- Died: 15 January 980
- Noble family: Popponids (House of Babenberg) or Luitpoldings
- Spouse: Eilika of Walbeck
- Issue: Henry of Schweinfurt Bucco Hedwig (possibly)
- Father: (?) Henry III of Babenberg, Arnulf, Duke of Bavaria, Berthold, Duke of Bavaria

= Berthold of Schweinfurt =

German nobleman (died 980)

Berthold of Schweinfurt (died 15 January 980) was a German nobleman.

== Life ==
He was first mentioned as a Count in 941. In 960, he was mentioned as Count in the Radenzgau. In 961, he appears as count on the lower Raab and in 973 as count in the Volkfeld shire. After successful battles in Bohemia and Hungary, he was named as Margrave in 976. In 980, he appears as count in eastern Franconia.
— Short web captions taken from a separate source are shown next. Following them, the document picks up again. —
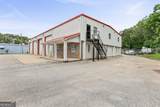 477 Corinth Road - Photo 32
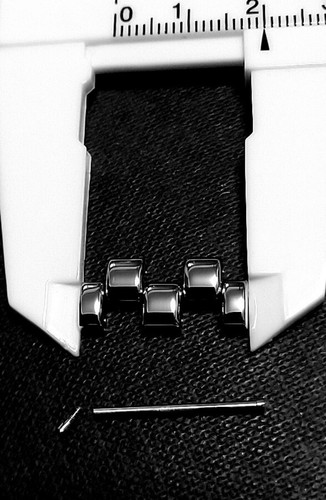 Originale raro franck muller - originale,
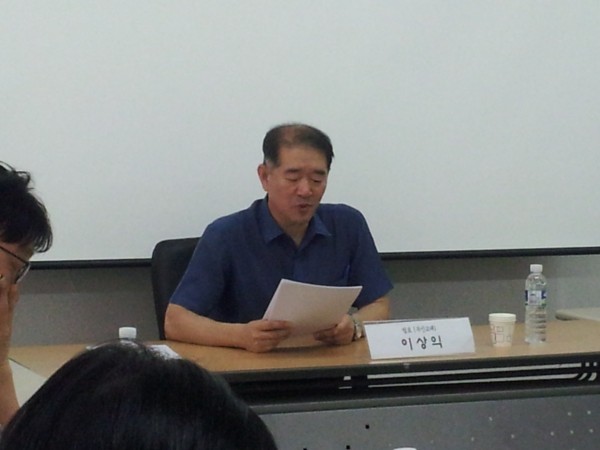 7d374842e20e807fe2788a8e8400c35c_1498522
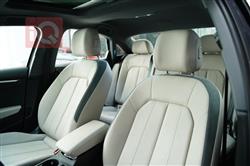 اودي A3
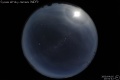 2009/4/16 20:52’42”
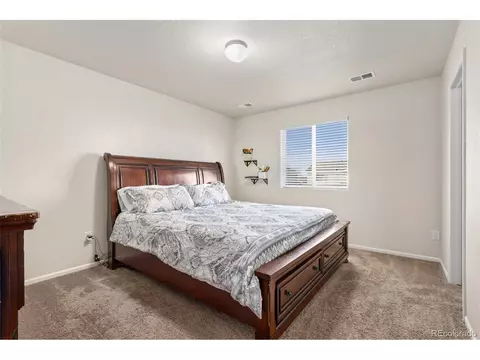 47340 Lily Ave, Bennett, CO 80102 photo 11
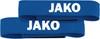 JAKO 2923 Kousenophouder - Sportroyal - One Size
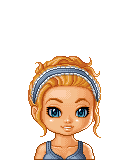 Hannah (2)
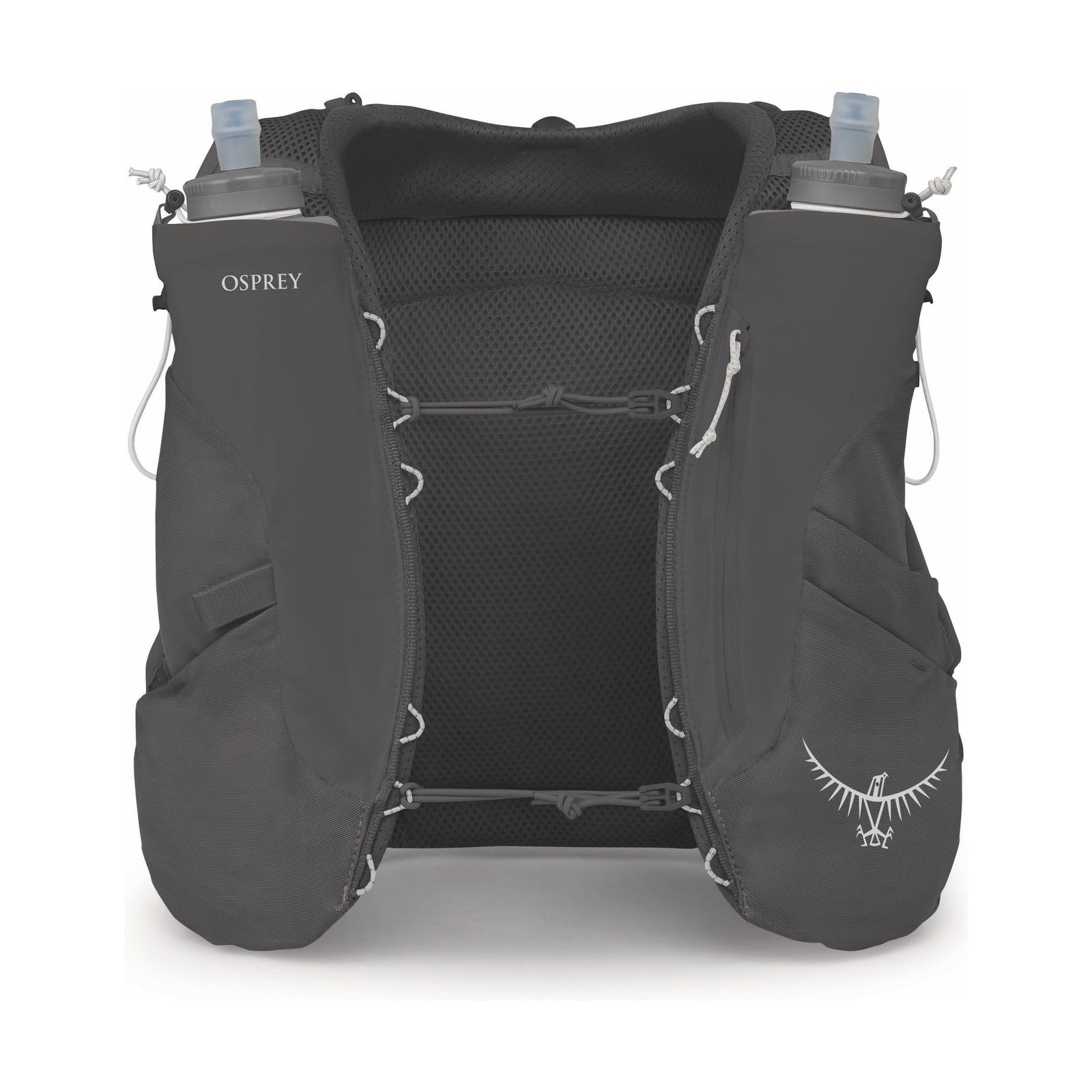 Dyna 6 | Running Vest | Women's Osprey Women's Running Vests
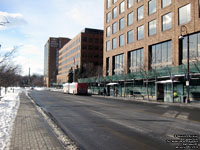 Terrasses de la Chaudire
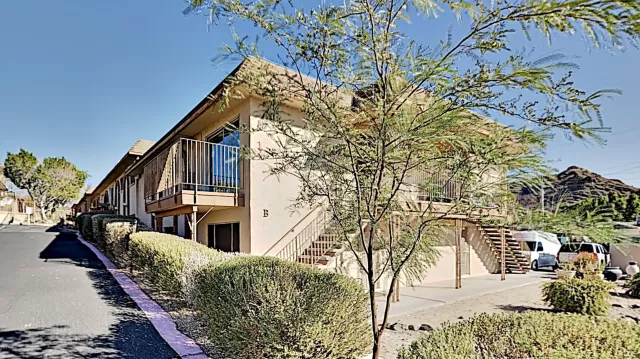 MLS: 6161564 Condo For Sale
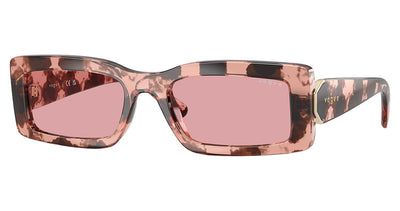 Vogue® VO5674S Sunglasses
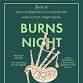 Burns Night — The Grand Junction Arms | Canalside - The Grand Junction Arms Event Image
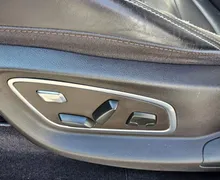 Zunanja slika - Renault Espace - Initiale Paris dCi 160|SLOporeklo|menjan motor|fullOption - 15 - Predogledna slika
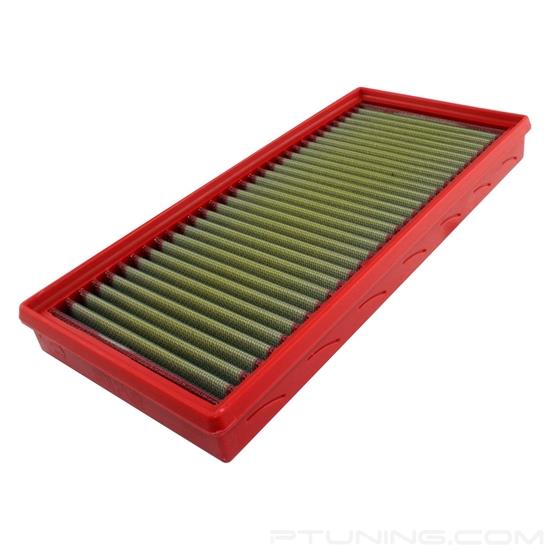 Picture of Magnum FLOW Pro 5R OE Replacement Air Filter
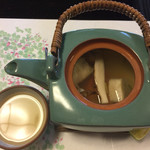 京遊膳 花みやこ - 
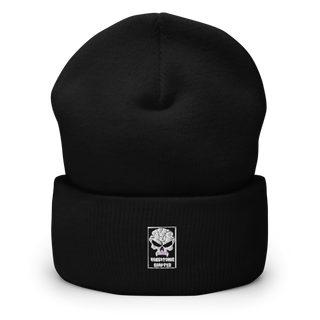 Housatonic 86341709 Cuffed Beanie | Yupoong 1501KC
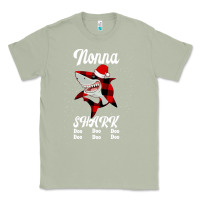 Matcha Nonna Shark Doo Doo Classic Tee - Bettercallsaul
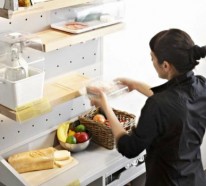 Ikea Küchen 2025 – das innovative Konzept für eine nachhaltige Zukunft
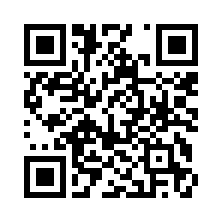 QR Code for LWEiuUz4BVo5J2BQRjSimCXKenJQeMEVSB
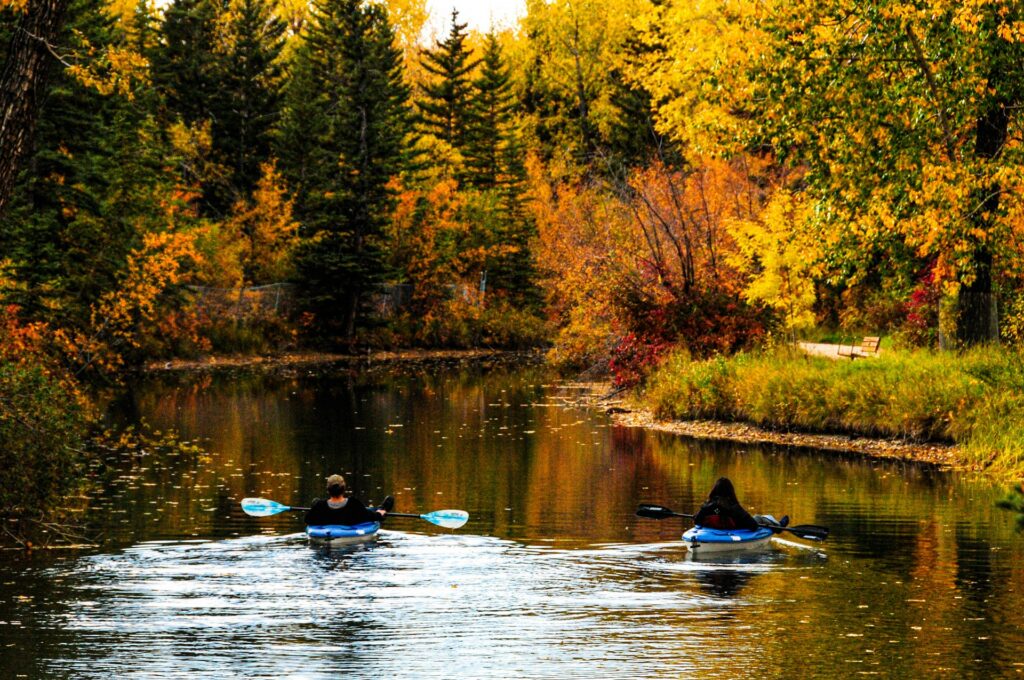 Tip #5: Protecting Your Vehicle and Kayak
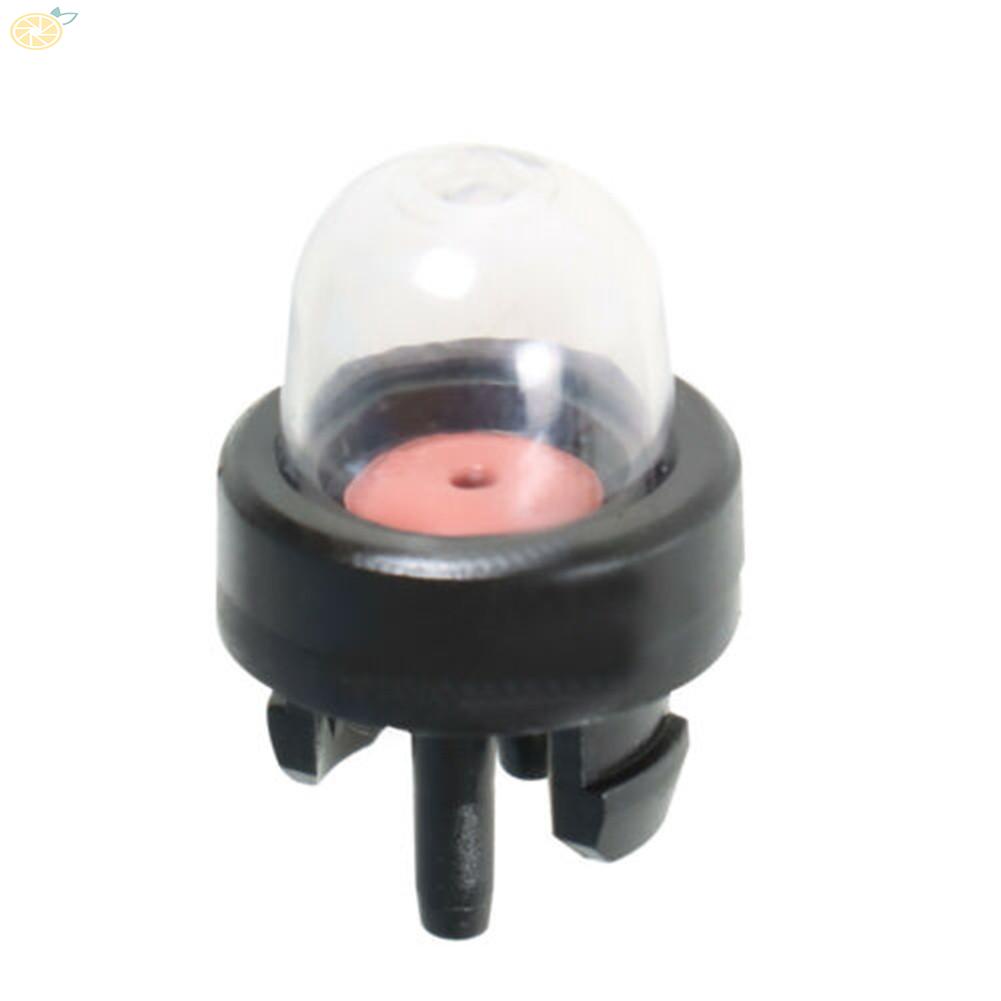 【VARSTR】Carburetor-Kit For RYOBI RLT26CDSN HOMELITE HLT25CNB Trimmers Whipper Snipper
His background is disputed. He is often assumed to be a son of Henry III of Babenberg of the Popponid (Elder House of Babenberg) family and a Luitpolding mother. Alternatively, he may have been a son (or grandson) of Arnulf, Duke of Bavaria or his brother Berthold, Duke of Bavaria, both from the Luitpolding dynasty. It is certain that his brother, or nephew, Leopold I, Margrave of Austria was the founder of the Younger or Austrian House of Babenberg. The name 'Leopold' is a modernization of 'Luitpold', and would strengthen the argument for ties with the Luitpoldingers.

The Comes Bertholdus who was mentioned in 941, was tasked by Emperor Otto I with guarding Lothar II, Count of Walbeck, who had been taken prisoner. Lothar was pardoned the following year, and Berthold married his daughter Eilika (d. 19 August 1015). She later initiated the construction of the minster in Schweinfurt, where she was buried.

In 964, Berthold was tasked by Otto with guarding another prisoner, King Berengar II of Italy, who was kept prisoner in Bamberg. In 973, Berthold participated in the ousting of the rebellious Henry II, Duke of Bavaria.

== Marriage and issue ==
Berthold was married to Eilika of Walbeck, daughter of Lothar II, Count of Walbeck. They had at least two children:
- Henry of Schweinfurt (d. 18 September 1017), who was Berthold's heir
- Bucco, who was mentioned in 1003
- possibly a daughter named Hedwig, mother of Cunigunde of Luxembourg
In 1010, a lady named Eilika was abbess of Niedernburg Abbey in Passau. It is thought this Eilika may have been a daughter of Berthold and his wife.